Pope sees scope for pastoral response to contraception ban



Pope Francis has said that the church leadership needs to “take into account people’s situations” and their ability to adhere to the ban on artificial contraception.

A wide-ranging interview with the editor-in-chief of the Italian daily Corriere della Sera, Ferruccio de Bortoli, is published today. Francis praises Paul VI, who authored the encyclical Humanae Vitae, for defending “moral discipline" but when asked if the Church should rethink its ban on contraception, he replied: “It all depends on how the text of Humanae Vitae is interpreted. Paul VI himself, towards the end, recommended that confessors show great kindness and attention to specific situations.” He added: “The question is not that of changing doctrine, but to go into the depths, and ensuring that pastoral [efforts] take into account people’s situations, and that which it is possible for people to do.”

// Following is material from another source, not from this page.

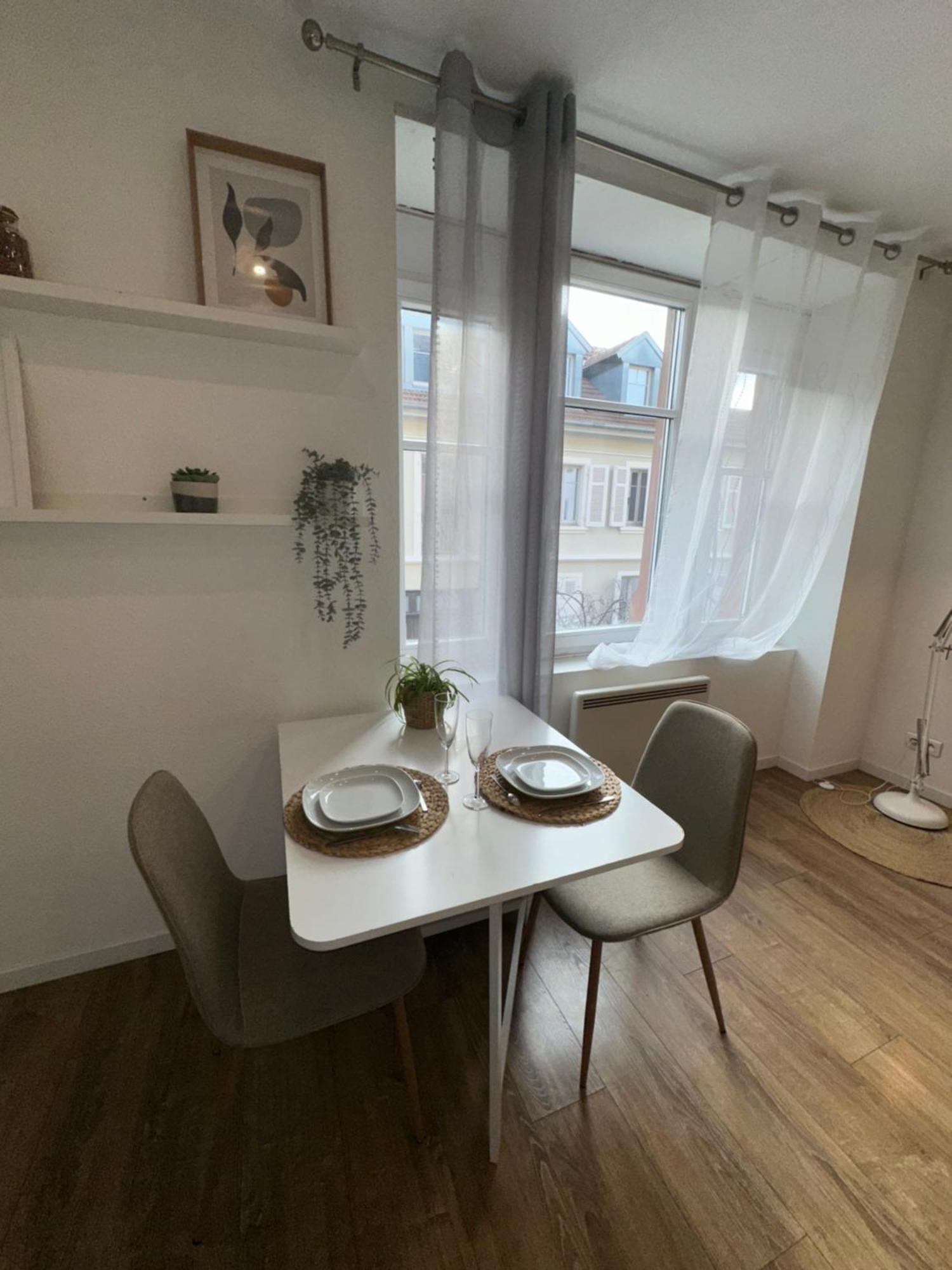 # Le 2 # Tres Beau T3 1Er Etage Tout Confort, Neuf, Mulhouse Centre Exterior foto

He added that the subject would be discussed at October’s Synod of bishops on the Family.

The interview was published simultaneously in Spanish in the Argentinian newspaper La Nación and marks the first anniversary of Pope Francis’s election on 13 March 2013.

On the subject of the Church's record on tackling the sexual abuse of children by priests, he claimed that "no one else has done more" to root out paedophilia.

"The Catholic Church is perhaps the only public institution to have acted with transparency and responsibility.

"No one else has done more. Yet the Church is the only one to have been attacked," he said.

Asked how the role of women will be better promoted in the Church, he was not specific but said: “It is true that women can and ought to be more present in the places where the Church’s decisions are made. This, however, I would call a promotion of a ‘functional’ type. Only, in this way, we do not get very far: We need to consider that the Church takes the feminine article,” he said. Cardinal Stanislaw Rylko and the Council of the Laity that he heads, is working on the question with many women experts, he added.